"Gońcie go, błagam, on odjechał!". Policja wreszcie namierzyła kierowcę VW Arteona z S7
- Na początku sierpnia na trasie S7 między Ostródą a Olsztynkiem kierujący osobowym seatem zjechał na pobocze i uderzył w barierki ochronne
- Trzyosobowa rodzina jadąca seatem właściwie cudem uszła z życiem. Jego kierowca mówił, że gwałtownie hamował, bo drogę zajechał mu Volkswagen Arteon
- Olsztyńska policja podaje, że kierowca VW został namierzony. To 33-letni mieszkaniec Olsztyna. Sprawa trafiła do sądu
Dramatyczne nagranie z tego zdarzenia latem obiegło cały kraj. Widać na nim, jak Seat Ibiza wpada w poślizg i, kręcąc się wokół własnej osi, rozbija się o barierki. Z auta wybiega kierowca, biegnie do tylnych drzwi i wyciąga z miejsca pasażera przerażone dziecko. Choć wszystko wyglądało bardzo groźnie, nikomu nic się nie stało.
Gdy do seata zbliżają się auta, które jechały za nim, kierowca seata krzyczy rozpaczliwym tonem: "Gońcie go, błagam, on odjechał! Błagam, gońcie go! Błagam!".

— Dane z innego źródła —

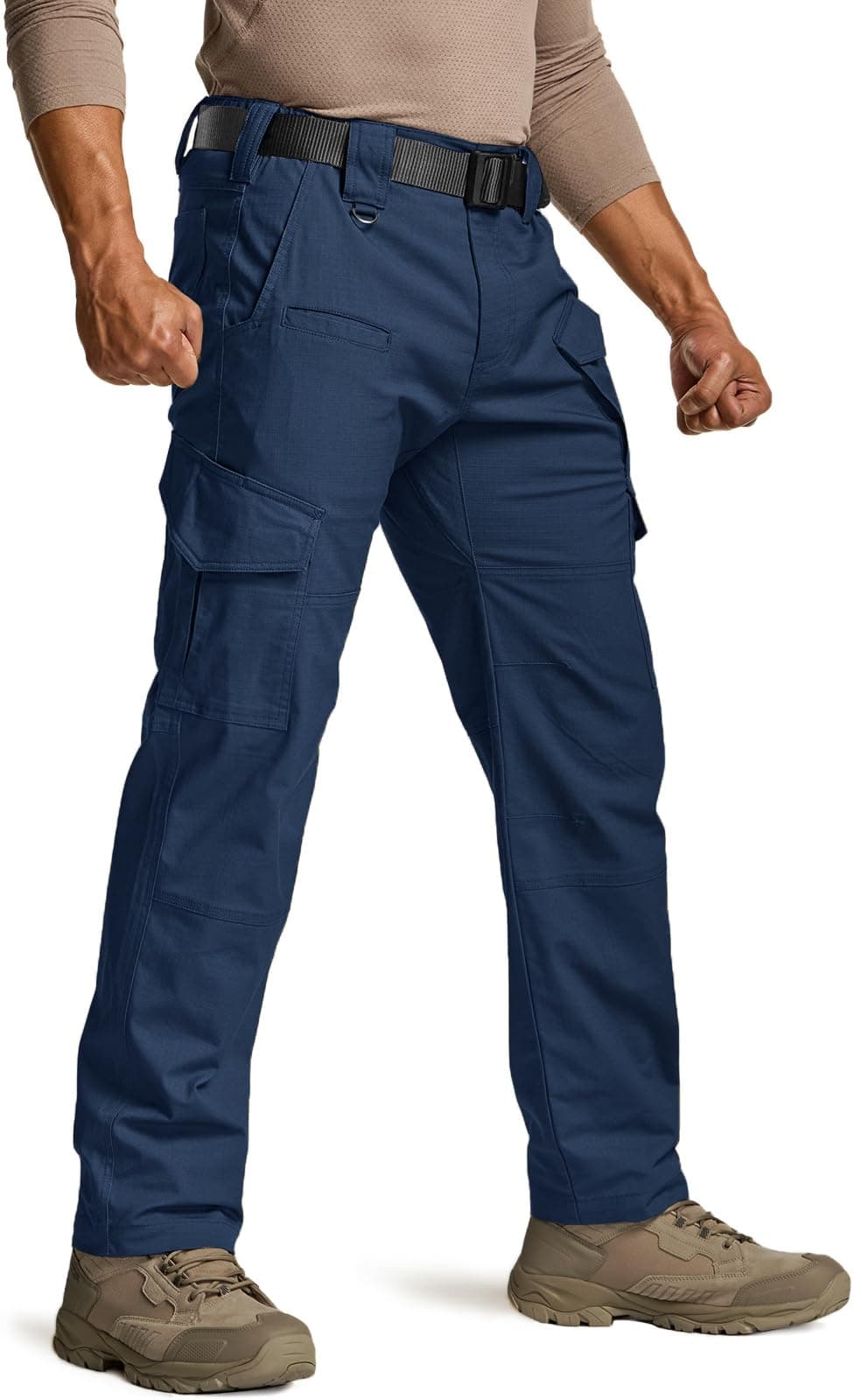 CQRMen's Flex Ripstop Tactical Pants, Water Resistant Stretch Cargo Pants, Lightweight EDC Hiking Work Pants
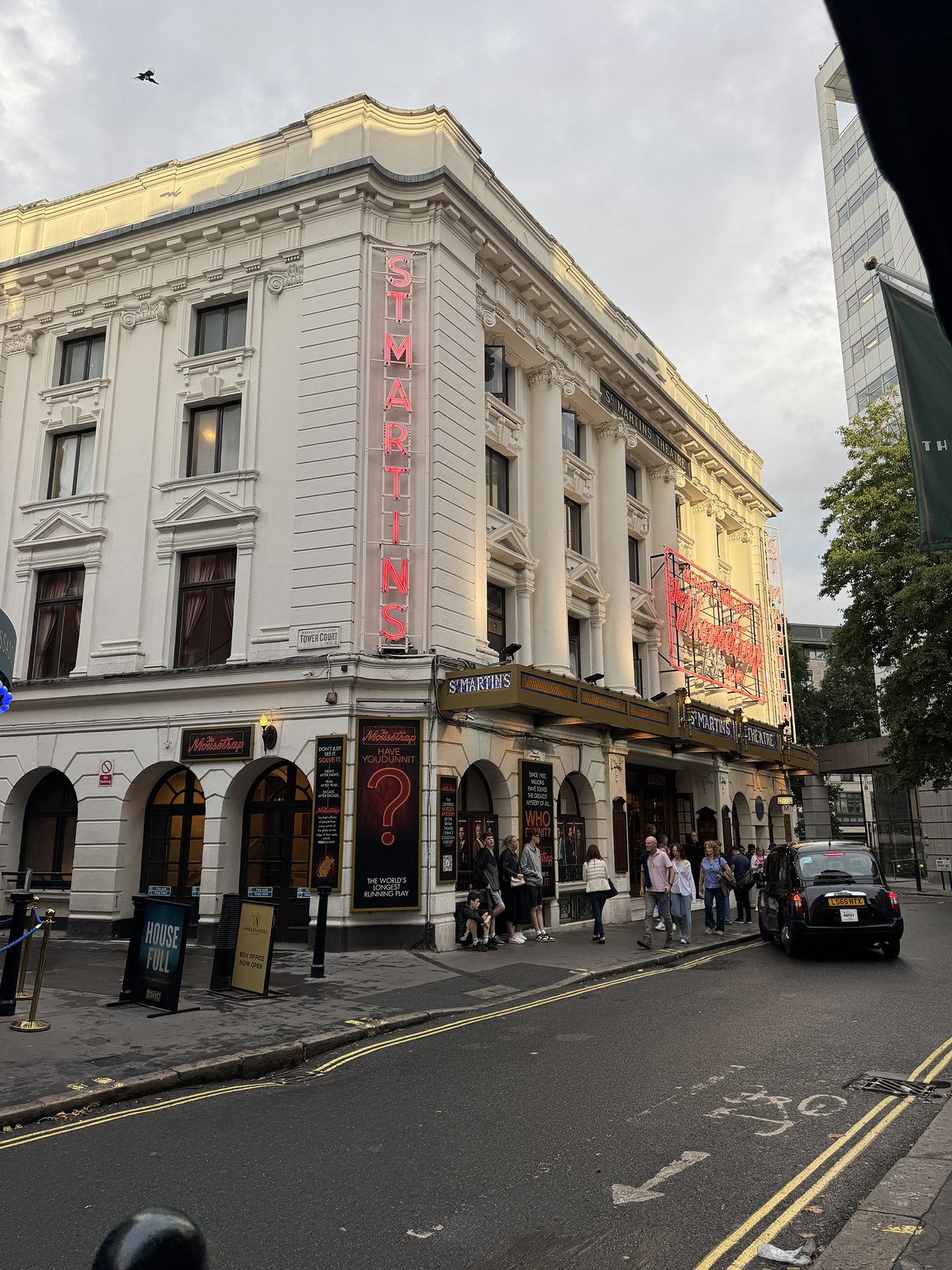 Visited the UK: sat in the Royal Box to watch Agatha Christie's The Mousetrap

Nikt jednak nie zdołał dogonić pędzącego volkswagena. Z nagrania wynika, że kierujący nim "ukarał" jadącego seatem, że ten "zbyt wolno" zjechał na prawy pas, gdy ten chciał szybko wyprzedzić pozostałe pojazdy. Taką wersję przedstawił później na Spotted Polska kierujący seatem, zamieszczając zdjęcia swojego zniszczonego samochodu.
"Volkswagen Arteon, koloru niebieskiego zajechał mi złośliwie drogę i wcisnął hamulec, w wyniku czego musiałem hamować przy prędkości ponad 100 km/h i wpadając w poślizg miałem bardzo groźny wypadek" – opisywał 43-letni kierowca seata. Wraz z nim autem jechała żona i 4-letni syn.
"Policjanci i strażacy, którzy przyjechali na miejsce, twierdzą, że to cud, że przeżyliśmy. Co zostało z mojego samochodu, widać na zdjęciach" – dodał.
Zdarzenie miało miejsce 6 sierpnia tego około południa na trasie S7 pomiędzy Ostródą a Olsztynkiem na nitce w kierunku Warszawy. W poszukiwania kierowcy niebieskiego pojazdu, który miał zajechać drogę seatowi, włączyli się internauci w całym kraju. I rzecz jasna poszukiwania podjęła warmińsko-mazurska policja.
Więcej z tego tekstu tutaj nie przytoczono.